Volto novamente ao tema dos cromos de caramelo para apresentar hoje uma nova caderneta. Penso que deve ser bastante rara e uma das primeiras.
Deve datar do final dos anos 40 e foi publicada pela “Fábrica Universal” de António E. Brito. A Confeitaria Universal derivou da “Confeitaria Universo” e situava-se na Rua da Alegria, 22, em Lisboa.
É uma precursora das cadernetas de cromos de artistas de cinema, tal como a aqui apresentada que data de 1955 e foi editada pela Agência Portuguesa de Revistas. Assim como outras, dos anos 60, que me lembro de ter coleccionado, eram cromos simples, comprados em carteiras e já não eram associados aos caramelos.
Mas em matéria de nostalgia nada pode bater a caderneta de cromos “As raças Humanas”, publicada na década de 50. Na minha memória de criança ficou para sempre impressa a imagem de um negro com um prato de madeira inserido no lábio superior. Um dia vou encontrar a caderneta e mostro-o, porque não é possível descrever o resultado, com precisão, utilizando apenas palavras.
A grande maioria dos cromos de caramelo eram cromos de futebol, que provocavam um entusiasmo enorme no sexo masculino, mas outras apresentavam outros temas, como por exemplo uniformes militares, ciclismo, ou no caso das agora apresentadas, e que me levaram a escrever este poste, aves e artistas de cinema.
Mas para o tema deste blog aquilo que interessa são as confeitarias e fábricas de caramelos que os produziram. Com enorme surpresa descobri vários blog em que este tema foi falado e de que me servi para obter algumas informações. Na
No Porto existiu a “Fábrica de Rebuçados Victoria”e em Vila Nova de Gaia a "Fábrica de Chocolates Celeste", situada na Rua da Rasa.

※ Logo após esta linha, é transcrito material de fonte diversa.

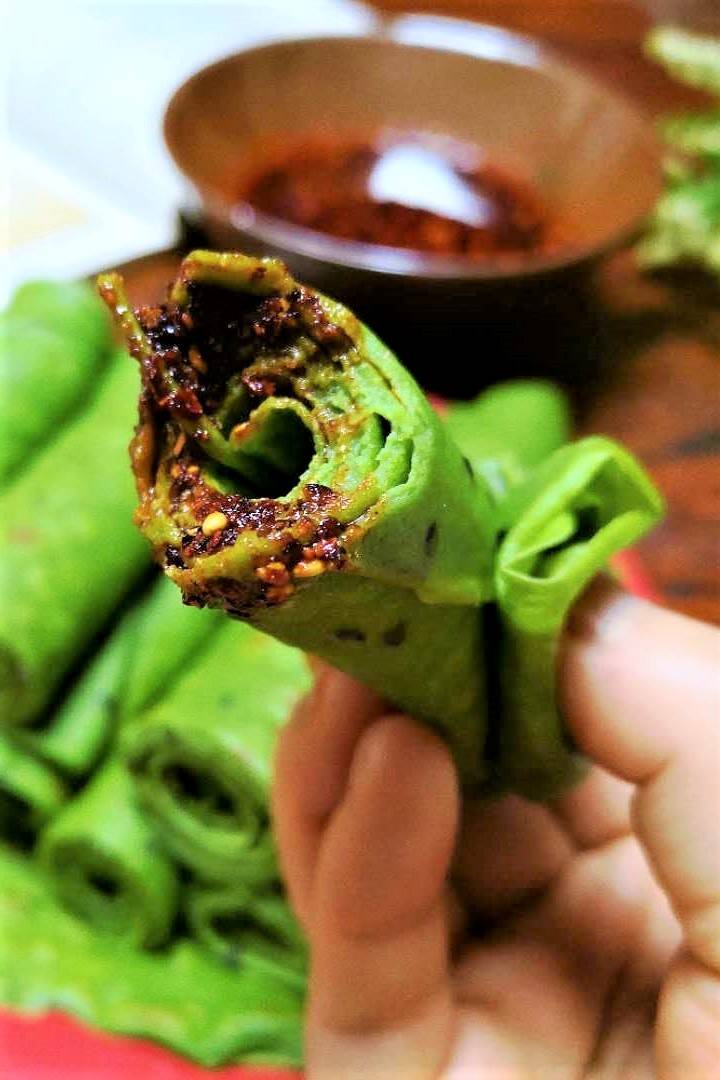 Spinach egg crepes healthy breakfast 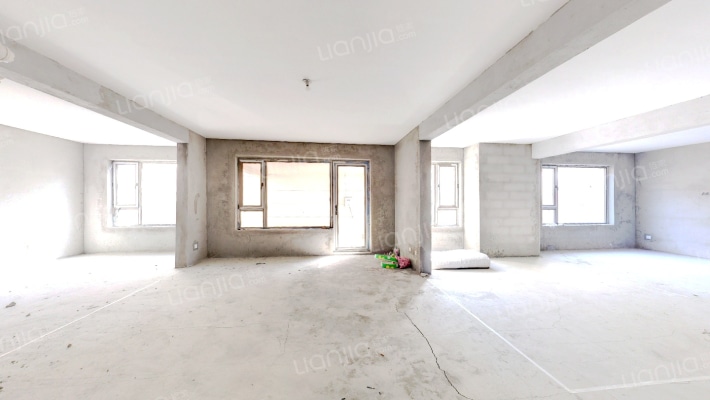 中海閲麓山二手房实景图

Na Amadora referimos os “Divertimentos Nelito” que também vendia cromos de caramelo e a “Carsel”, no Rossio ao Sul do Tejo .

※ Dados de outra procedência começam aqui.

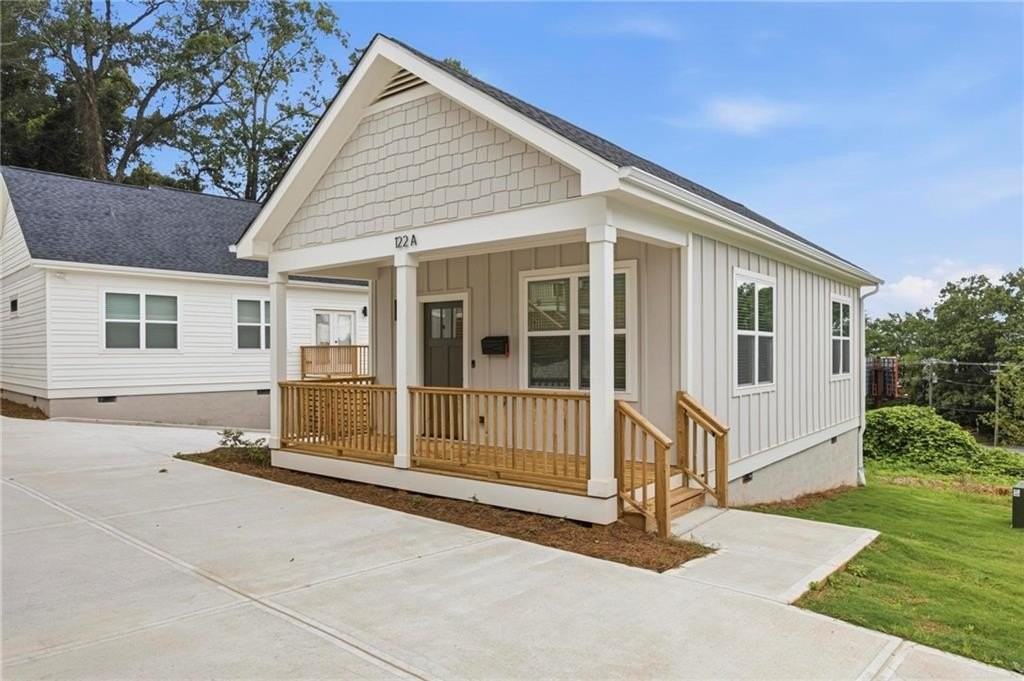 122 Hilltop Dr Sw #A - Photo 2 of 18
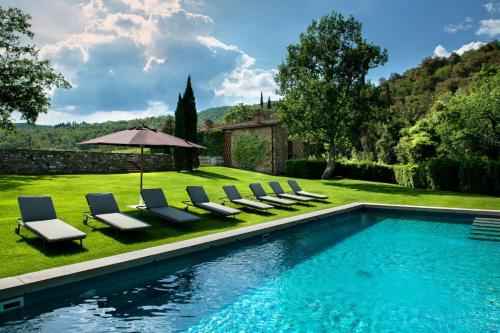 a swimming pool with lounge chairs and an umbrella at Il Prado Private Pool, Nature, Greve In Chianti in Greve in Chianti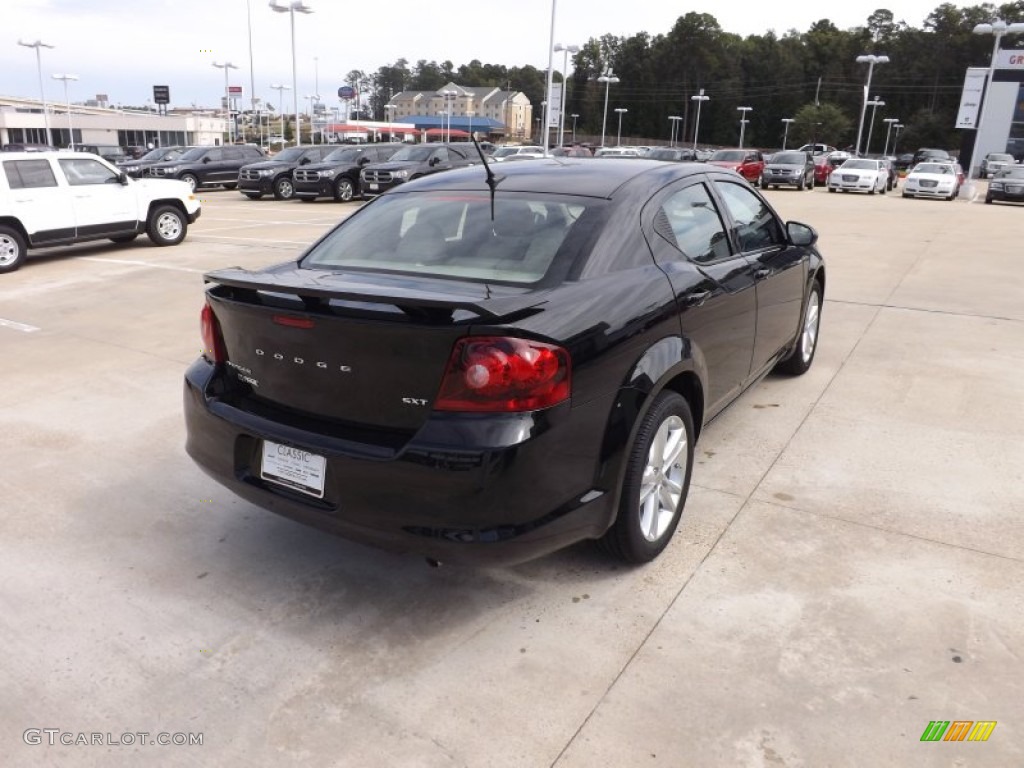 2013 Avenger SXT - Black / Black/Light Frost Beige photo #5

A grande maioria situavam-se contudo em Lisboa como a “Fábrica de Confeitaria de Produtos Altesa”, na Rua Tenente Raul Cascais, nº 13; a “Confeitaria Universo” que deu origem à “Confeitaria Universal” de António E. Brito, situada na Rua da Alegria, 22; “A Francesa” na Travessa de Santo António a Santos, nº3; a “ Fábrica Águia”, com depósito geral na Rua da Madalena, 32; A “Fábrica Brazileira” na Rua da Cruz da Carreira, 13; a “Confeitaria Alex”, situada na Rua da Alegria, 126; António Gomes da Silva, na Calçada do Tojal, lote 2. Ficam por falar muitas outra, cuja localização não detectei, como a de “Rebuçados Cotovia” ou a “Sociedade Lisbonense de Confeitarias”.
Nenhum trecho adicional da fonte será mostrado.